To determine the amount of static and dynamic pupil decentrations that occur during laser refractive surgery.
The Center of Visual Science and the Department of Ophthalmology, University of Rochester, Rochester, New York, USA.
The surgeon's accuracy in aligning the pupil center with the laser center axis was measured when engaging the eye-tracker in 17 eyes receiving conventional laser in situ keratomileusis (LASIK) procedures (Technolas 217z; Bausch & Lomb). Eye movements were measured subsequently during the treatment in 10 eyes using a pupil camera operating at 50 Hz. Temporal power spectra were calculated from the eye movement measurements.
The mean pupil misalignment by the surgeon at the beginning of the procedure was 206.1 μm ± 80.99 (SD) (with respect to the laser center).

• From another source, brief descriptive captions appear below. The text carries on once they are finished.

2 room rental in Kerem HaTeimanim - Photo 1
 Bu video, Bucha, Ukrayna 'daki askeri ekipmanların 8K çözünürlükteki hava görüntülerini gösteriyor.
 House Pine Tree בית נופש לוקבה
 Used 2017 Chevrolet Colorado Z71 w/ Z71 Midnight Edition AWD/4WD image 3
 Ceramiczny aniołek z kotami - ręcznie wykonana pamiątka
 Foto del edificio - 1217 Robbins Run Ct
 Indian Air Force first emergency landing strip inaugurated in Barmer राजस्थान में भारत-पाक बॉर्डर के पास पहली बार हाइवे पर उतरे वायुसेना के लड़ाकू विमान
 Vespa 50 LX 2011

The laser center was typically misaligned below (inferiorly) and to the left (nasally and temporally in left and right eyes, respectively) of the laser center. Small amounts of cyclotorsion were observed during the ablation (<2 degrees). The mean magnitude of dynamic pupil decentration from the laser center during treatment was 227.0 ± 44.07 μm. The mean standard deviation of eye movements was 65.7 ± 25.64 μm. Temporal power spectra calculated from the horizontal and vertical changes in eye position during the ablation were similar. Ninety-five percent of the total power of the eye movements was contained in temporal frequencies up to 1 Hz, on average, in both directions.
Most eye movements during LASIK are slow drifts in fixation. An eye-tracker with a 1.4 Hz closed-loop bandwidth could compensate for most eye movements in conventional or customized ablations.